Uno dei risultati più eclatanti di questi anni è il successo delle IPO ovvero delle quotazioni in Borsa di nuove società. Aziende che non hanno mai fatto un profitto riescono comunque a conquistare la fiducia degli investitori e vedono lievitare il loro valore di mercato.

Ad alimentare la bolla contribuiscono altri tre fattori. Il primo è il basso costo del denaro ovvero i bassi tassi di interesse. Il secondo il boom dei venture capital e dei loro investimenti nelle startup. Il terzo, infine, il boom dell’informazione finanziaria televisiva che svolge un ruolo fondamentale nello spettacolizzare la bolla e incoraggiare i piccoli investitori a investire nelle aziende tecnologiche.

Nel 1999 il valore del Nasdaq accelera ulteriormente. A ottobre la capitalizzazione di mercato dei 199 titoli internet monitorati da Morgan Stanley è di ben 450 miliardi di dollari a fronte di un fatturato complessivo di queste società di soli 21 miliardi e perdite collettive di 6,2 miliardi. Il dubbio non è più sull’esistenza o meno della bolla ma solamente sulla sua dimensione e sulle tempistiche della sua esplosione.

Da anni, esattamente dal dicembre 1996, il presidente della Federal Reserve, Alan Greespan, ammonisce gli investitori parlando di “euforia irrazionale” dei mercati e di aumento dei prezzi delle azioni sproporzionato rispetto ai fondamentali economici delle aziende. Le sue parole cadono però nel vuoto. Nel tentativo di frenare la folle corsa dei mercati Greenspan decide di aumentare i tassi di interesse: tre volte nel corso del 1999 e due volte all’inizio del 2000.

L’aumento dei tassi produce un effetto molto importante. Senza più la disponibilità di denaro a basso costo e di fronte agli ennesimi bilanci deludenti pubblicati dalle aziende del settore tecnologico, a marzo del 2000 la speculazione finalmente si ferma. A fine aprile l’indice Nasdaq perde il 24% ovvero quasi un quarto del suo valore. Ma è solo l’inizio di una correzione profonda e dolorosa che si conclude solamente a ottobre del 2022, con il Nasdaq in calo del 78% rispetto al massimo raggiunto il 10 marzo 2000, oltre i 5 mila punti.

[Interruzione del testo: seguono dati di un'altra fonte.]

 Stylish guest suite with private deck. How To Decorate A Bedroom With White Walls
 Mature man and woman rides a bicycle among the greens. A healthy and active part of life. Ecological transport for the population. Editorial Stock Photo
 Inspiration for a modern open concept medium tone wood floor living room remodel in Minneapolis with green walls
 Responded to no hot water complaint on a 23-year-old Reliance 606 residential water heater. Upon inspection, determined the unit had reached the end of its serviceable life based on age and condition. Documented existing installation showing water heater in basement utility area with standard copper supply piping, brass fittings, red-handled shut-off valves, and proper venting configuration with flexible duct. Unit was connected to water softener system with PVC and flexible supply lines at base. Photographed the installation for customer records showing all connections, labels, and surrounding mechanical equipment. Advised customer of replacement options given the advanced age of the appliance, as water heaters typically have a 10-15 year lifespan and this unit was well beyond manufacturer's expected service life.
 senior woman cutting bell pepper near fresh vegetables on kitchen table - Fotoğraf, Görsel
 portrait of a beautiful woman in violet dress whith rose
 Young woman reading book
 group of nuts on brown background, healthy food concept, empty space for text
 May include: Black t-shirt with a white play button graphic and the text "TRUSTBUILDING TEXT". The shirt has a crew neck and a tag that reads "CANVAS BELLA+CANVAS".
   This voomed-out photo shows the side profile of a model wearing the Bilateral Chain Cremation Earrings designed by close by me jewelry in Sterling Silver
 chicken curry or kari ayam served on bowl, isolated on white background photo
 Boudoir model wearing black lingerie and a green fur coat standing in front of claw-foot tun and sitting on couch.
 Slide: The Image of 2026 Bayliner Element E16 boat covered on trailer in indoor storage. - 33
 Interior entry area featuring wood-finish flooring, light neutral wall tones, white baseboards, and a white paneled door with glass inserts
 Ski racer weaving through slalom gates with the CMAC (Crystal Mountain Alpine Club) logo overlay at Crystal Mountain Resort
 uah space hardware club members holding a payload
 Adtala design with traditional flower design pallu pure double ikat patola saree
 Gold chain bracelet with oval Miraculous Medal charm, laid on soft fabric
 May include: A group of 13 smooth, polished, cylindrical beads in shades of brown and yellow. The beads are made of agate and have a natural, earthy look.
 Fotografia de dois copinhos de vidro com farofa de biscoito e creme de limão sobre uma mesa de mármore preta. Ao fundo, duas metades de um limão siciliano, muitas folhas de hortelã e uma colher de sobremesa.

Moltissime aziende falliscono. Anche colossi e veri e propri simboli delle new economy come Cisco arrivano a perdere addirittura l’86% rispetto ai massimi del 2000. E’ una distruzione di ricchezza con pochi precedenti paragonabili nella storia del capitalismo. Per rivedere gli stessi livelli del marzo 2000 il Nasdaq deve aspettare ben 15 anni. L’indice ritorna sopra 5 mila punti solamente a fine aprile del 2015.

Non tutta l’esperienza della new economy è però da buttare via. Alcune aziende come Amazon, eBay e Cisco sopravvivono allo scoppio della bolla speculativa. Ma l’aspetto più rilevante è che la cultura imprenditoriale e le tecnologie nate in quegli anni giocano un ruolo fondamentale nei primi decenni del XXI secolo, favorendo la nascita di ulteriori innovazioni dirompenti e di nuovi protagonisti del settore tecnologico mondiale.